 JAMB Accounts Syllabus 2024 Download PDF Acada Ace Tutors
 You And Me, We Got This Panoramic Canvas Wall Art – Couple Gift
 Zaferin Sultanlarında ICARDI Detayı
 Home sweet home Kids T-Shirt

──────────────────────────────

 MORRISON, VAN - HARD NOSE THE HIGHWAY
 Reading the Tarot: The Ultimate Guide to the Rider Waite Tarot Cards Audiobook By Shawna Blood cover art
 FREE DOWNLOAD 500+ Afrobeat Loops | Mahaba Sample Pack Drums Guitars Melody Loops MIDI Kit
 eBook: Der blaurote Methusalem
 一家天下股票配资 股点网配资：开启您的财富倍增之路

──────────────────────────────

- Prompt -
Go to the line in the material above that contains "JAMB Accounts Syllabus" and copy exactly from there through the line that contains "Home sweet home Kids T-Shirt", stopping after it.

- Response -
 JAMB Accounts Syllabus 2024 Download PDF Acada Ace Tutors
 You And Me, We Got This Panoramic Canvas Wall Art – Couple Gift
 Zaferin Sultanlarında ICARDI Detayı
 Home sweet home Kids T-Shirt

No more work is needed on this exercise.